> [YOUR OBJECTIVE]: Transcribe nothing but the lines from the one with "2025必看：探索美国区块链电商模式的未来!" to the end of the entries, both included, keeping each exact and leaving every picture out.

(Extracted records)
»»

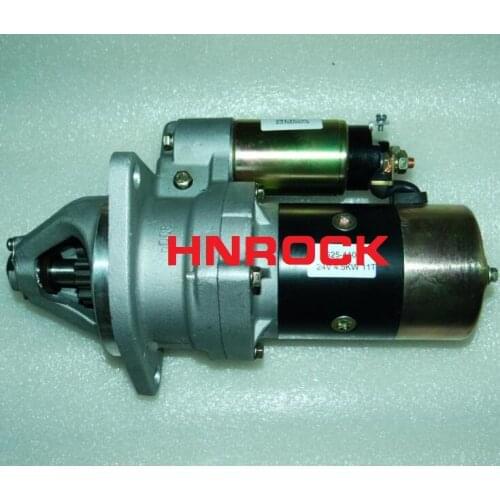 NEW 24V STARTER S25110 S25-110 S25-110C S25-110F S25-110G S25-110K S25-162 S25-164 S25-164A S25-164AND 23300-25512 FOR NISSAN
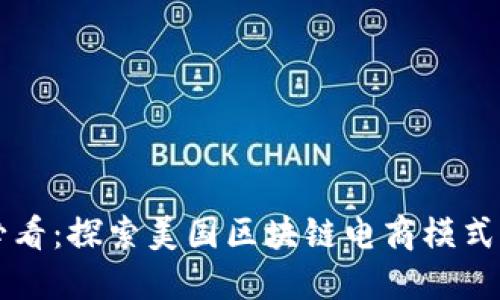 2025必看：探索美国区块链电商模式的未来!
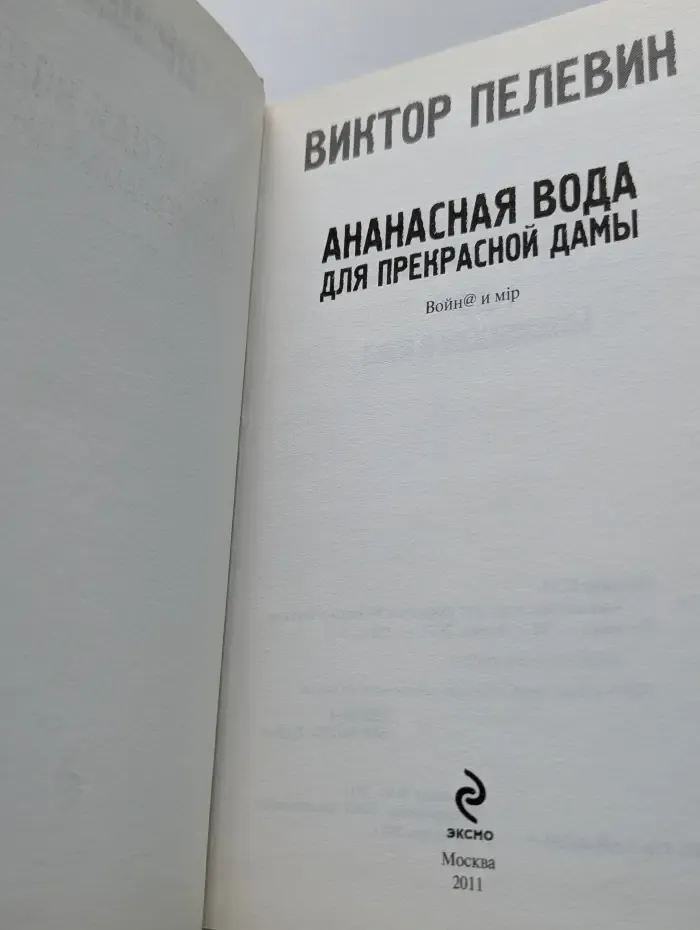 Ананасная вода для прекрасной дамы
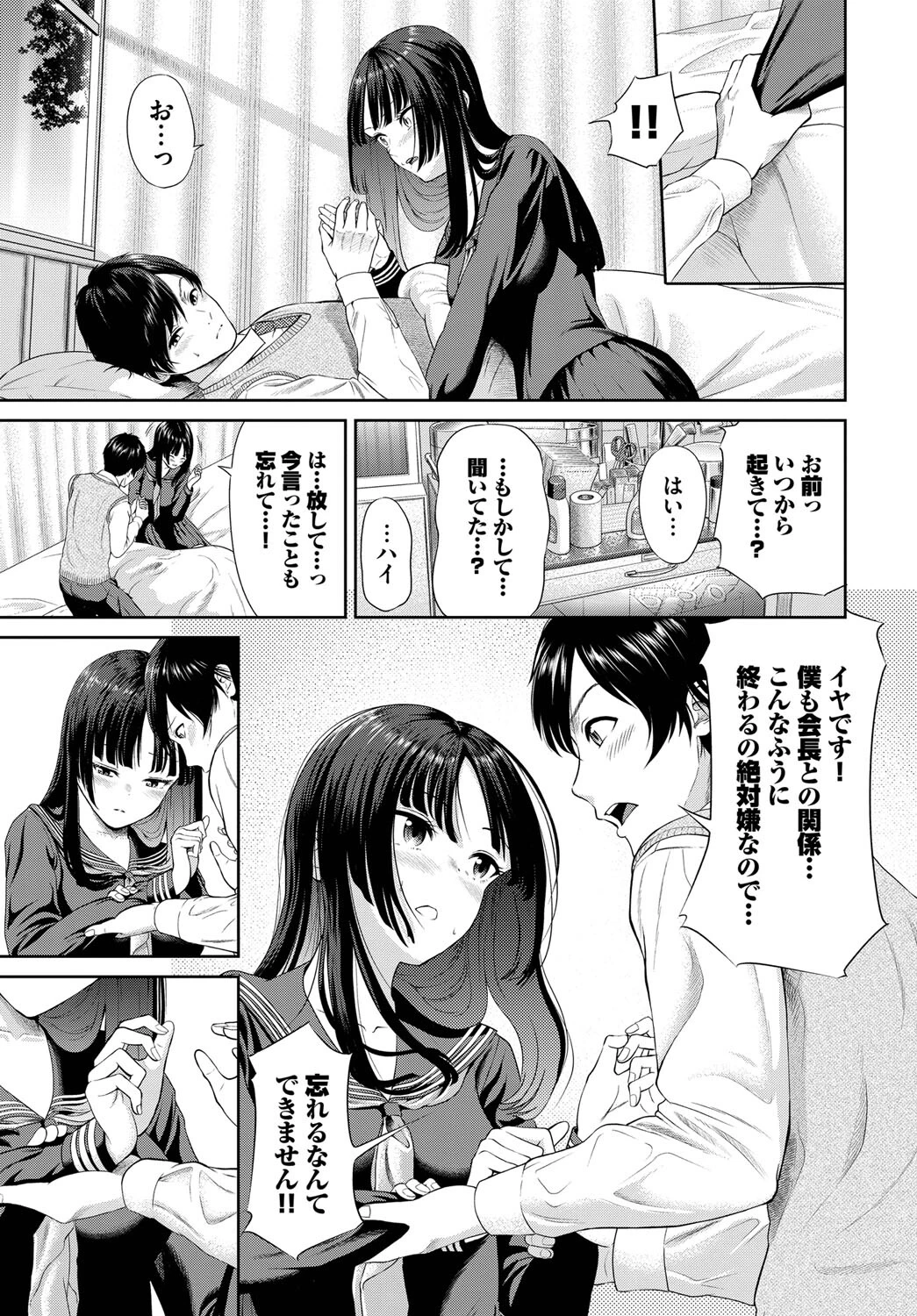 二人の生徒会（単話） 5ページ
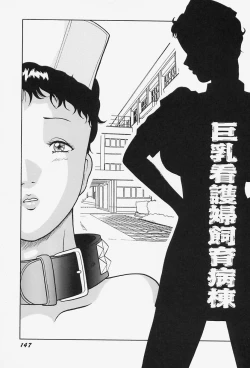 Page 151 of kyonyuu inngyaku gohoushi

««

> [SOLUTION TO THIS TASK]:
 2025必看：探索美国区块链电商模式的未来!
 Ананасная вода для прекрасной дамы
 二人の生徒会（単話） 5ページ
 Page 151 of kyonyuu inngyaku gohoushi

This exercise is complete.